- [TASK STATEMENT]: Every record must be restated exactly. Drop the images.

Caption-style text data
►

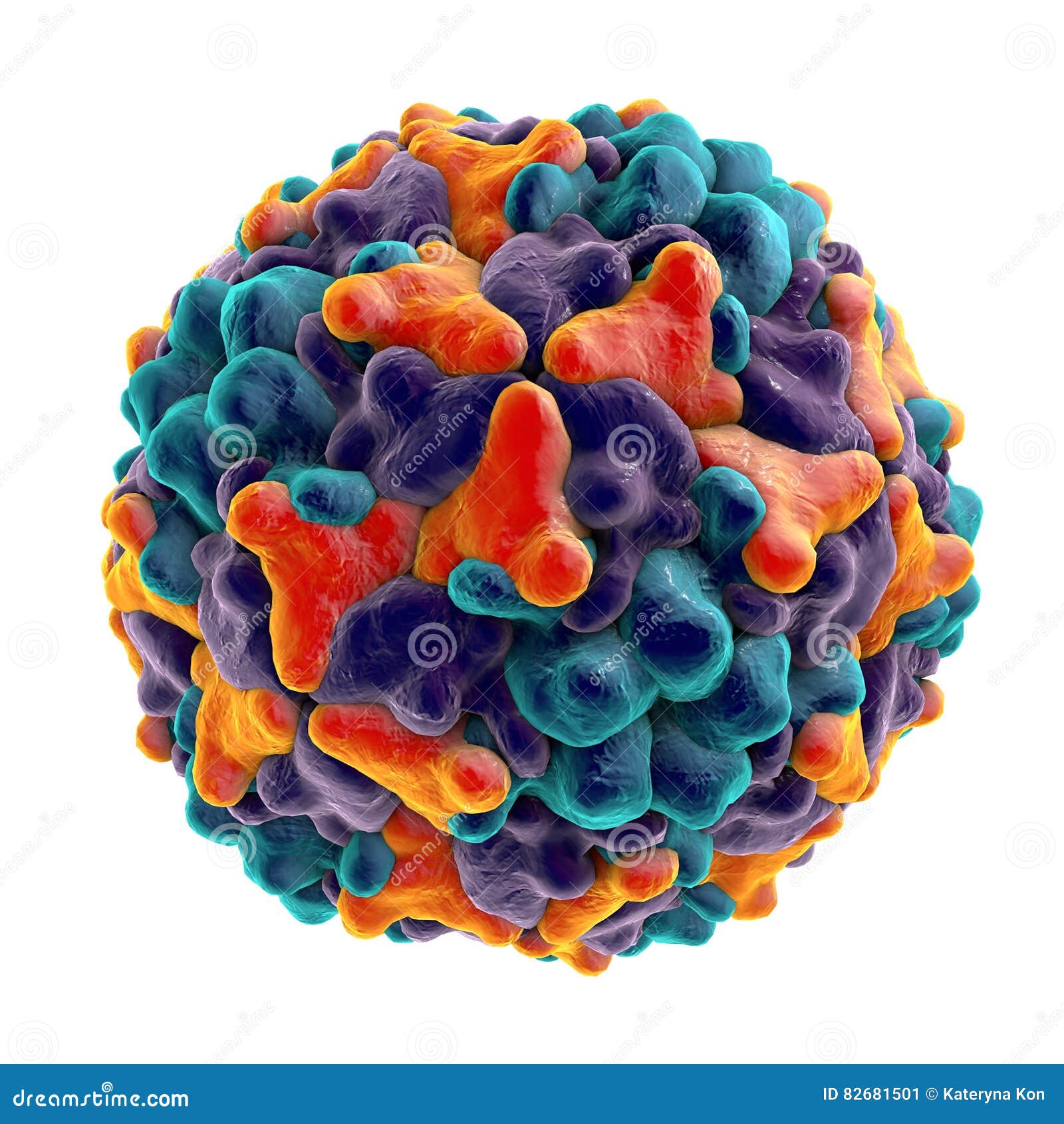 Coxsackievirus, An RNA Enterovirus Stock Illustration CartoonDealer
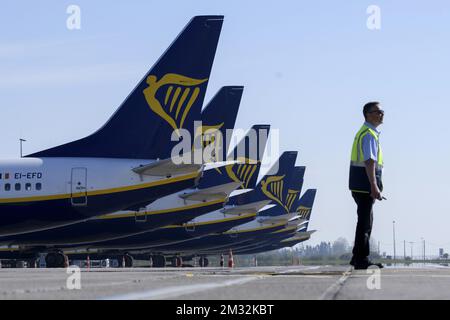 L'illustration montre des avions Ryanair lors d'une visite de plusieurs services à l'aéroport de Bruxelles Sud, à Gosselies, Charleroi, vendredi 10 avril 2020. La Belgique en est à sa quatrième semaine de confinement dans la crise actuelle du virus corona. PISCINE PHOTO DE BELGA CHRISTOPHE LICOPPE Banque D'Images
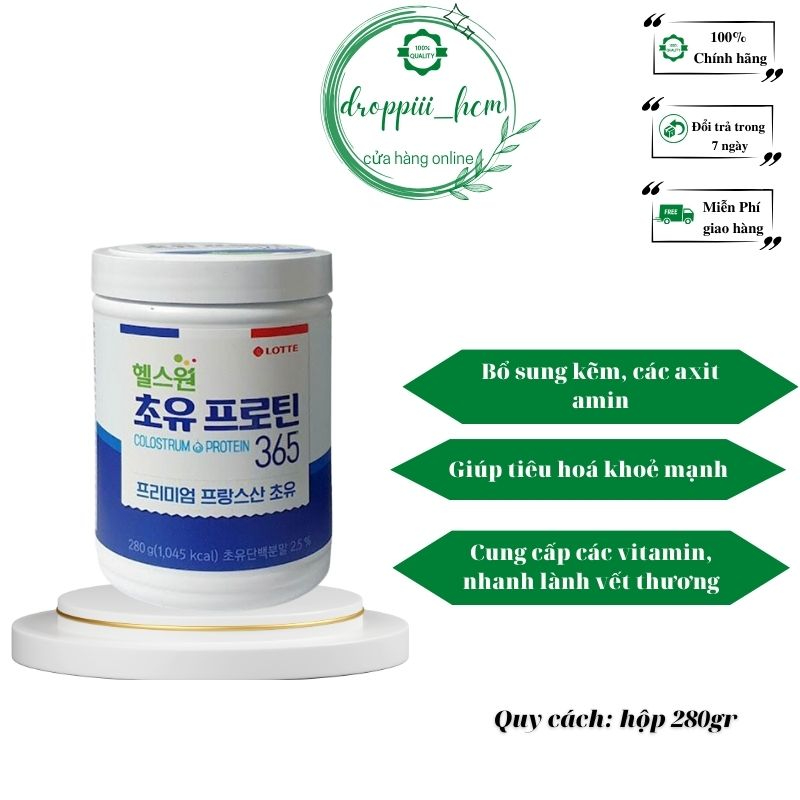 Sữa non Colostrum Protein 365 24h lotte nhập khẩu Hàn Quốc,nguyên liệu từ pháp,phù hợp trẻ nhỏ,người già,phụ nữ có thai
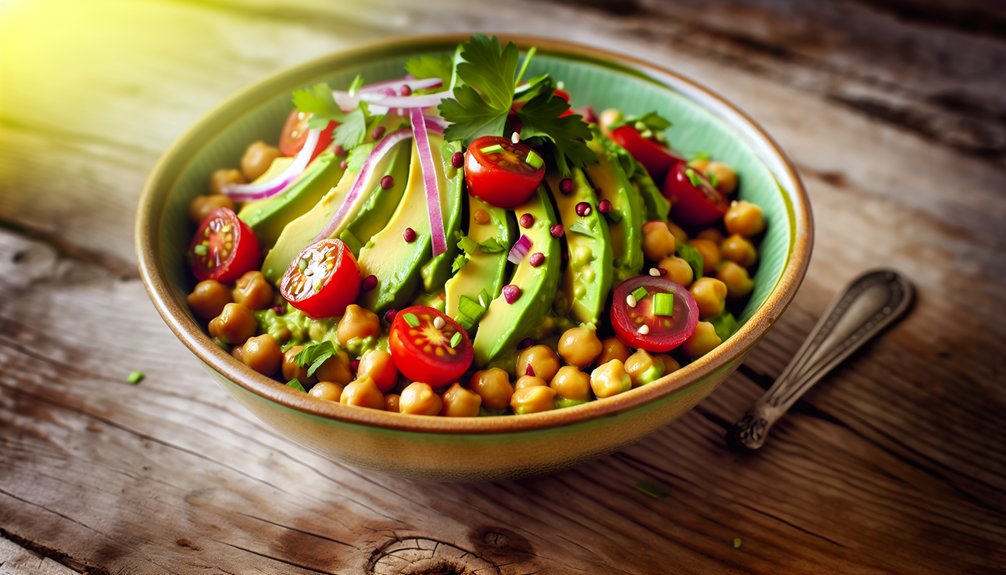 protein rich avocado chickpea salad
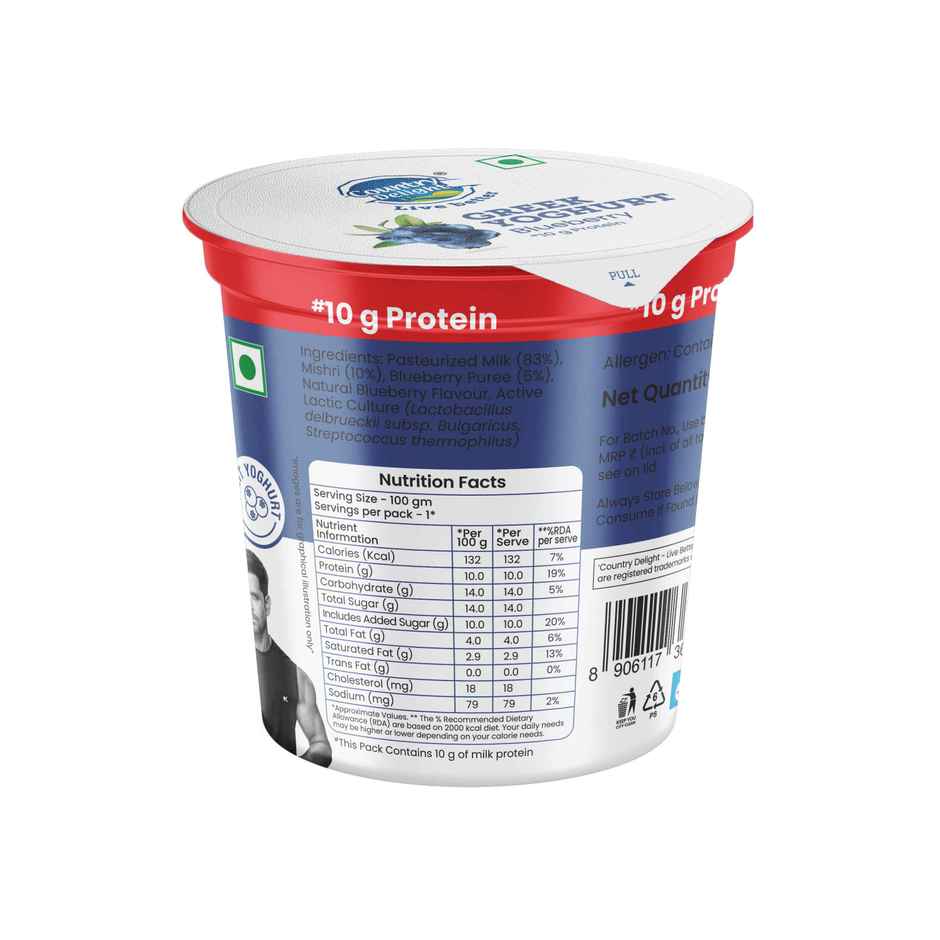 Country Delight 10g Protein Greek Yoghurt | Blueberry Combo 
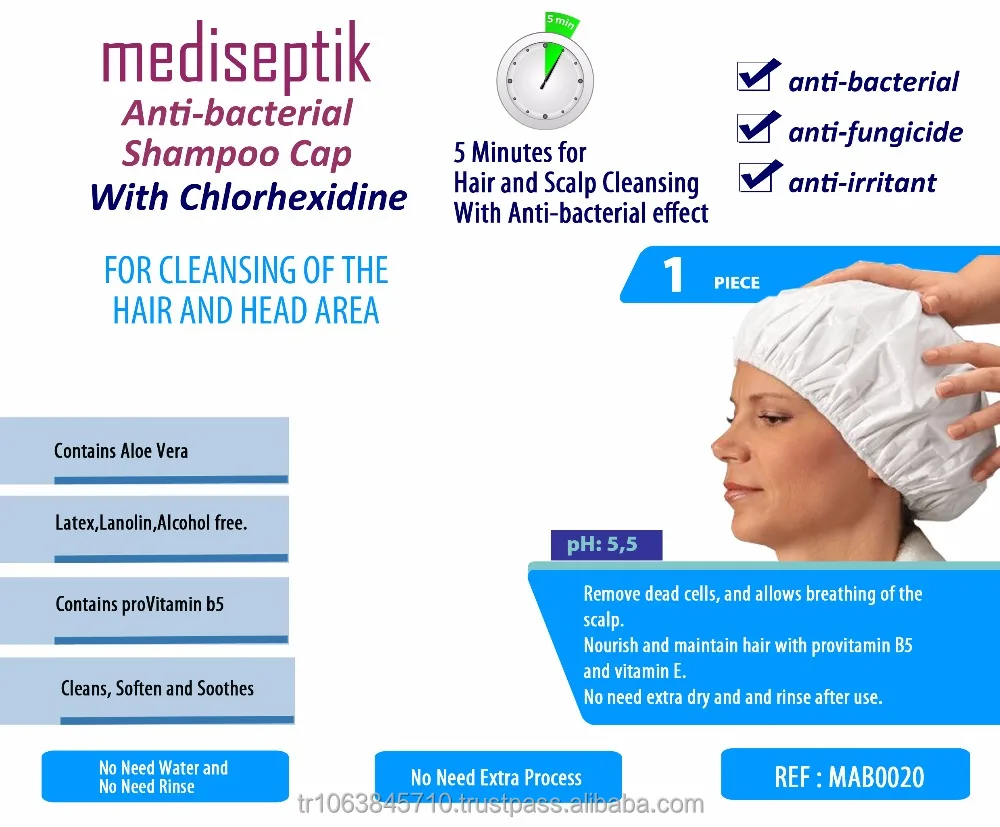 Anti-Bacterial Shampoo Cap - Wash Cap No Rinse for hair washing for disabled and elderly care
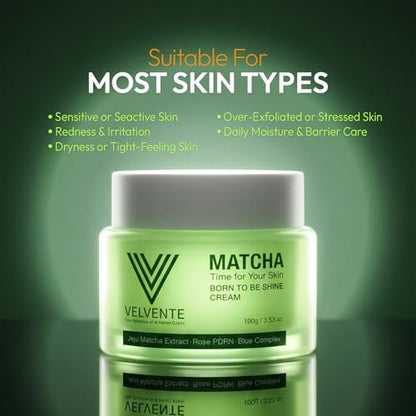 VELVENTE Matcha Facial Moisturizer with Rose PDRN & Korean Peptides – Hydrating Firming Cream for Anti-Aging, Dark Spots & Uneven Skin Tone – Soothing Radiance for Soft, Glowy Skin – All Skin Types, 3.53 oz Avelisse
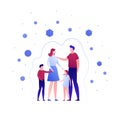 Vaccination healthcare concept. Vector flat people illustration. Parents with child protected from virus isolated on white. Design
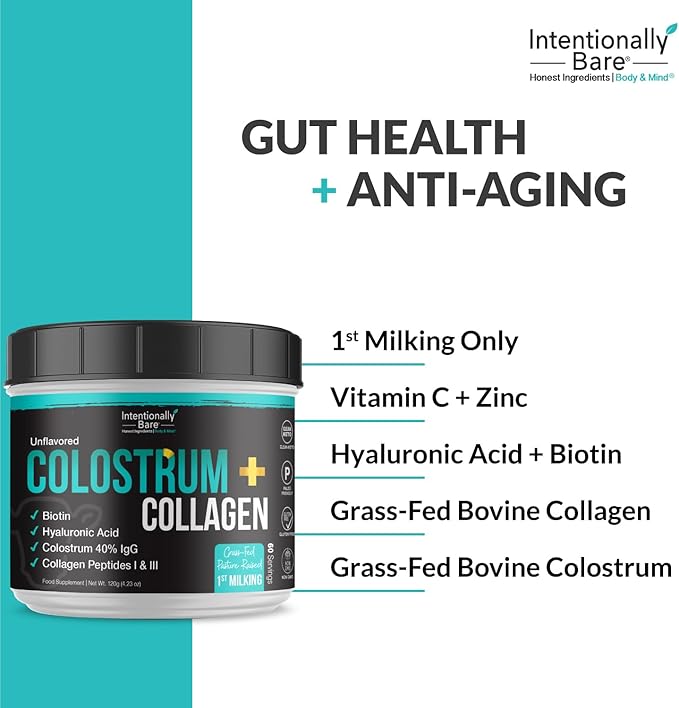 Intentionally Bare Colostrum and Collagen Powder - Colostrum Supplement with Biotin and Collagen Peptides - Colostrum Powder for Skin, Joint & Gut Health - Unflavored Collagen Supplements 60 Servings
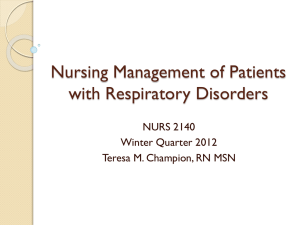 Nursing Management of Patients with Respiratory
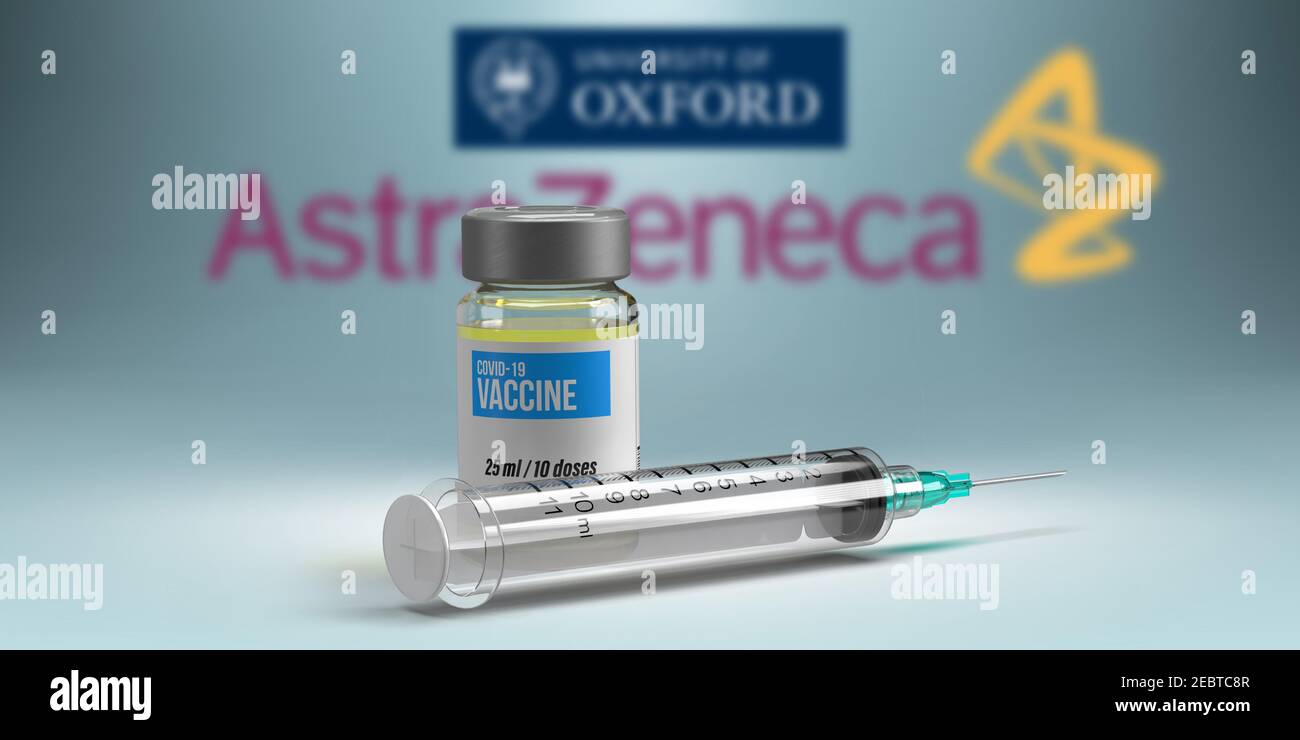 Covid-19-Impfstoff und Geschäftskonzept: 3D gerenderte Coronavirus-Impfstoffflasche und -Spritze vor de-Focus UNIVERSITY OF OXFORD und ASTRAZENECA Stockfoto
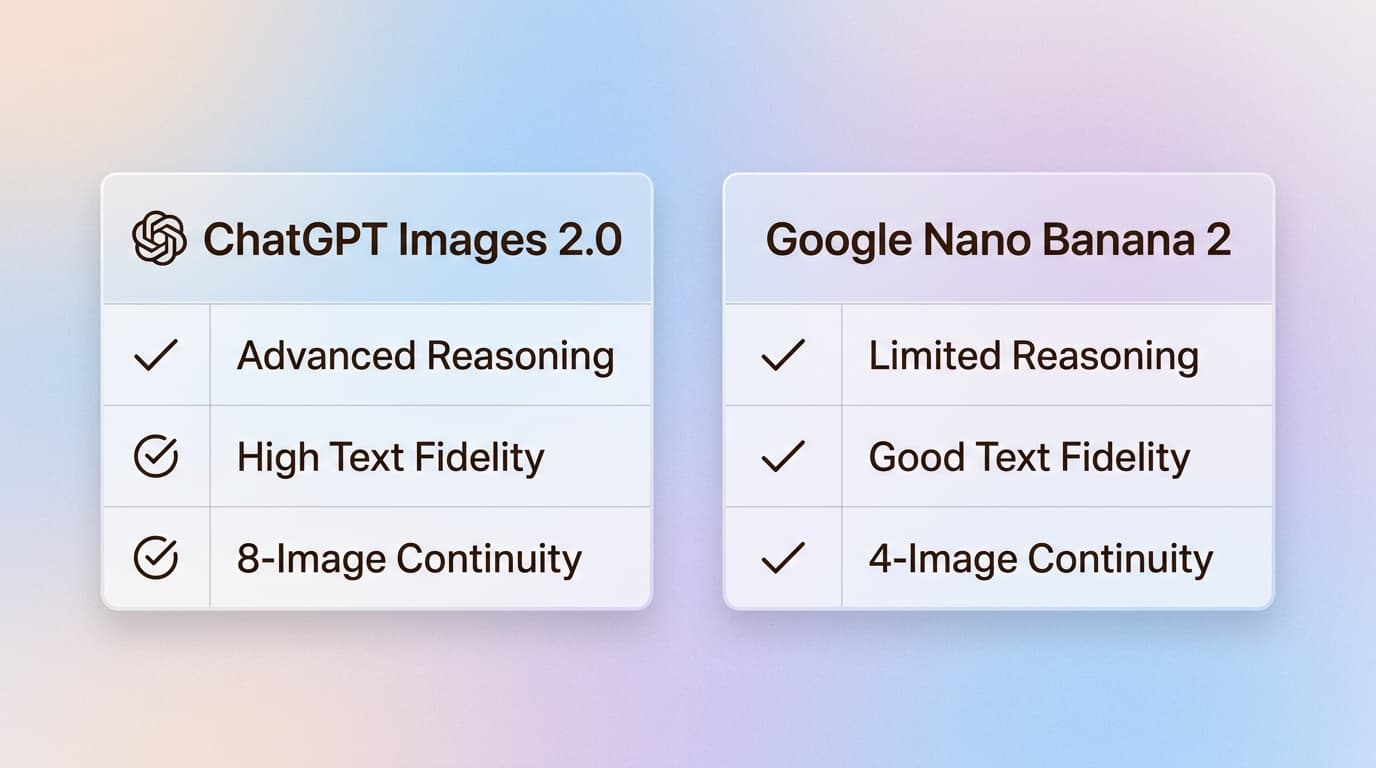 Una comparación directa destaca el liderazgo de ChatGPT Images 2.0 en razonamiento complejo y consistencia de múltiples imágenes sobre sus competidores.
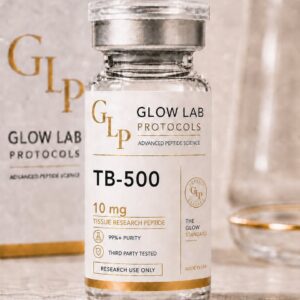 TB-500 10 mg research peptide vial by Glow Lab Protocols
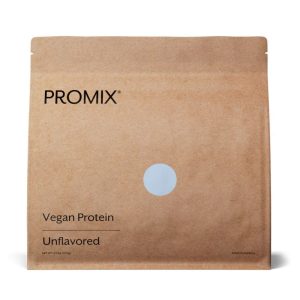 bag of promix vegan protein powder on white background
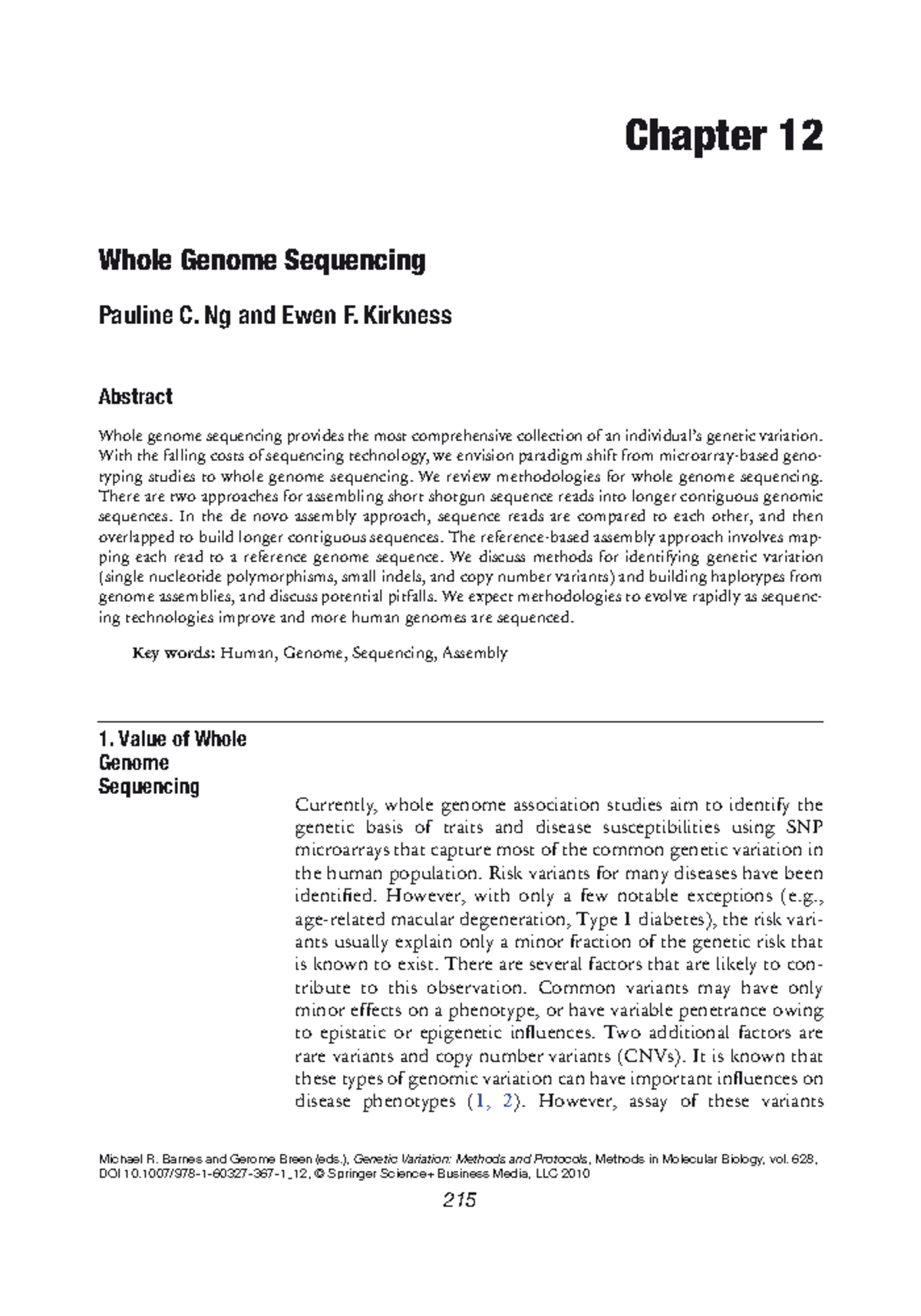 WGS - Whole genome sequencing - 215 Chapter 12 Whole Genome Sequencing ...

◄

- [SOLUTION FOR THIS EXERCISE]:
 Coxsackievirus, An RNA Enterovirus Stock Illustration CartoonDealer
 L'illustration montre des avions Ryanair lors d'une visite de plusieurs services à l'aéroport de Bruxelles Sud, à Gosselies, Charleroi, vendredi 10 avril 2020. La Belgique en est à sa quatrième semaine de confinement dans la crise actuelle du virus corona. PISCINE PHOTO DE BELGA CHRISTOPHE LICOPPE Banque D'Images
 Sữa non Colostrum Protein 365 24h lotte nhập khẩu Hàn Quốc,nguyên liệu từ pháp,phù hợp trẻ nhỏ,người già,phụ nữ có thai
 protein rich avocado chickpea salad
 Country Delight 10g Protein Greek Yoghurt | Blueberry Combo 
 Anti-Bacterial Shampoo Cap - Wash Cap No Rinse for hair washing for disabled and elderly care
 VELVENTE Matcha Facial Moisturizer with Rose PDRN & Korean Peptides – Hydrating Firming Cream for Anti-Aging, Dark Spots & Uneven Skin Tone – Soothing Radiance for Soft, Glowy Skin – All Skin Types, 3.53 oz Avelisse
 Vaccination healthcare concept. Vector flat people illustration. Parents with child protected from virus isolated on white. Design
 Intentionally Bare Colostrum and Collagen Powder - Colostrum Supplement with Biotin and Collagen Peptides - Colostrum Powder for Skin, Joint & Gut Health - Unflavored Collagen Supplements 60 Servings
 Nursing Management of Patients with Respiratory
 Covid-19-Impfstoff und Geschäftskonzept: 3D gerenderte Coronavirus-Impfstoffflasche und -Spritze vor de-Focus UNIVERSITY OF OXFORD und ASTRAZENECA Stockfoto
 Una comparación directa destaca el liderazgo de ChatGPT Images 2.0 en razonamiento complejo y consistencia de múltiples imágenes sobre sus competidores.
 TB-500 10 mg research peptide vial by Glow Lab Protocols
 bag of promix vegan protein powder on white background
 WGS - Whole genome sequencing - 215 Chapter 12 Whole Genome Sequencing ...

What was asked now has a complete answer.